Does Aphasia Affect Swallowing?

Aphasia is a language disorder causing difficulty with communication, including speaking, understanding, reading, or writing. While aphasia does not directly cause difficulty swallowing, the two conditions frequently appear together due to shared neurological causes. The medical term for difficulty swallowing is dysphagia, which affects the physical ability to move food or liquid from the mouth to the stomach. When a brain injury, such as a stroke, impacts language regions, it often damages adjacent areas controlling the complex motor functions of swallowing. This close anatomical relationship explains why many individuals with aphasia also experience dysphagia.

Understanding Aphasia

Aphasia is an acquired communication impairment resulting from damage to the parts of the brain that manage language processing, typically located in the left hemisphere. This condition affects an individual’s ability to communicate or comprehend language but does not diminish their underlying intelligence. The most frequent cause of aphasia is a stroke, though other causes include traumatic brain injury, brain tumors, or progressive neurological diseases.

The specific symptoms depend on the location and extent of the brain damage, leading to different classifications. For example, expressive aphasia, often associated with frontal lobe damage, primarily affects the ability to produce speech. In contrast, receptive aphasia, often linked to temporal lobe damage, causes significant difficulty understanding spoken or written language.

Understanding Swallowing Difficulty

Swallowing, or deglutition, is a complex, coordinated physical process involving over 50 pairs of muscles and numerous cranial nerves. Dysphagia is the general term for difficulty moving food or liquids through the mouth, throat, and esophagus. This impairment is a physical or motor function issue, distinct from the cognitive and language deficits seen in aphasia.

Common signs of dysphagia include coughing or choking during or immediately after eating or drinking. Individuals may also experience a sensation that food is stuck in the throat or chest, excessive drooling, or a wet, gurgling voice quality after swallowing. Unmanaged dysphagia carries a serious risk of aspiration, where food or liquid enters the airway, potentially leading to aspiration pneumonia.

Why Aphasia and Swallowing Difficulties Co-Occur

The co-occurrence of aphasia and dysphagia is rooted in the shared neural pathways and proximity of the brain regions that control both functions. Both language and the voluntary phases of swallowing require fine motor control, sensation, and coordination, managed by areas of the cerebral cortex and brainstem. When a major event like a large stroke occurs, the resulting lesion may simultaneously encompass the language centers and the motor control centers for the mouth, tongue, and throat.

Specific areas of the brain are implicated in this overlap, including the insular cortex, the basal ganglia, and the superior temporal gyrus. Damage to these regions, particularly in the left hemisphere, is associated with the simultaneous presence of both communication and swallowing difficulties. It is the single underlying brain injury that produces both conditions, not a cause-and-effect relationship between aphasia and dysphagia.

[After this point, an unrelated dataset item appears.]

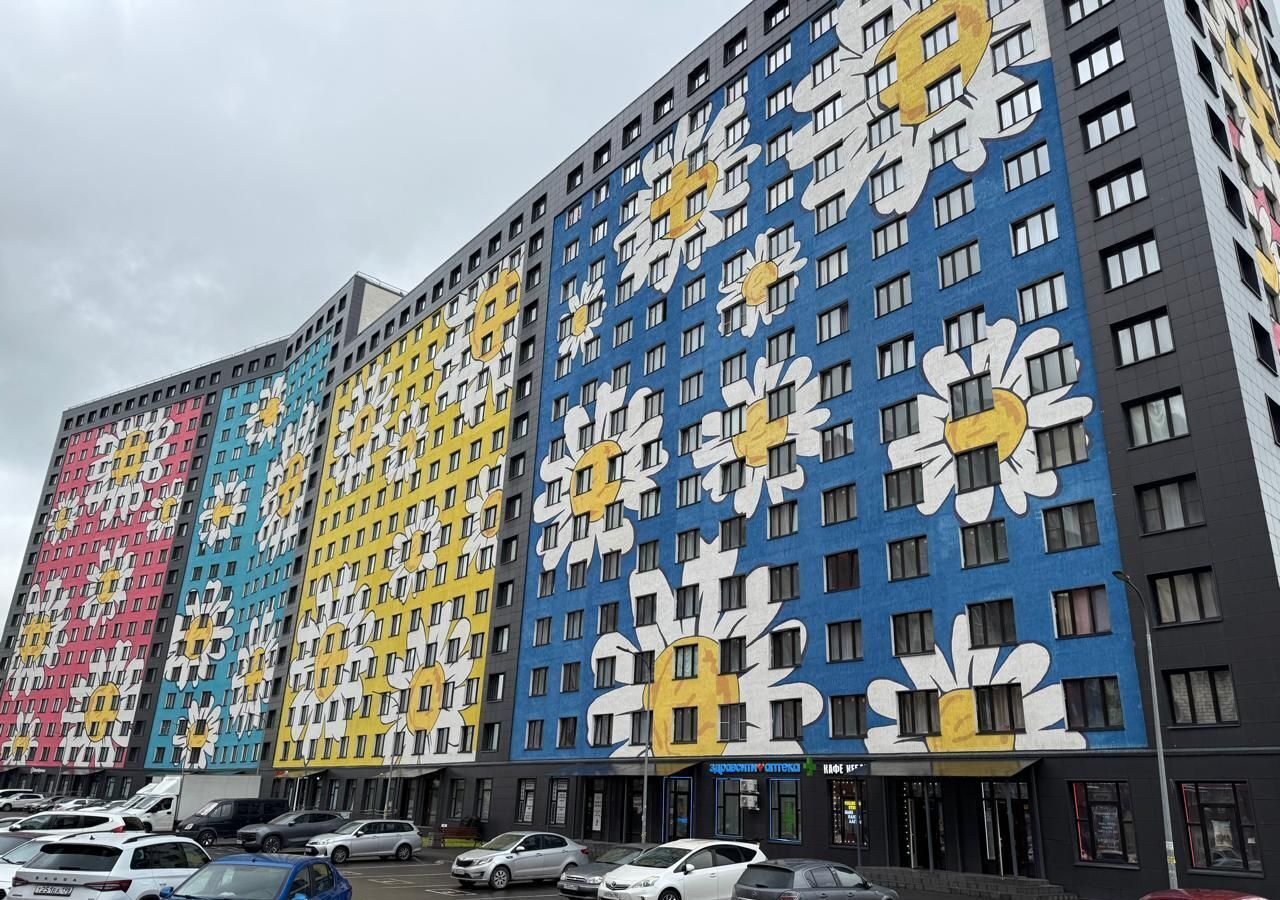 квартира р-н Всеволожский г Мурино ул Шоссе в Лаврики 95 Девяткино, Муринское городское поселение фото 1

Managing Swallowing Difficulties

Management of dysphagia is primarily handled by a Speech-Language Pathologist (SLP), who evaluates and treats swallowing disorders. The initial assessment often involves a bedside swallow examination to observe oral motor function and reaction to different food consistencies. If greater detail is needed, the SLP may recommend an instrumental assessment to visualize the swallowing mechanism directly.

Instrumental evaluations include the modified barium swallow study, which is a moving X-ray taken while the person swallows various consistencies mixed with barium. Another method is the fiber-optic endoscopic evaluation of swallowing (FEES), where a small, flexible camera is passed through the nose to view the throat during swallowing. Based on these findings, the SLP develops a plan that includes compensatory strategies and dietary modifications.

Compensatory techniques involve adjustments to body and head positioning, such as tucking the chin, or altering the amount of food taken per bite. Dietary modifications involve changing the texture of foods or the thickness of liquids to make them safer to swallow. Thickened liquids and pureed foods are frequently recommended to slow the transit time of the bolus and reduce the risk of material entering the airway. Swallowing exercises, designed to strengthen the muscles of the mouth and throat, are also incorporated into the rehabilitation plan.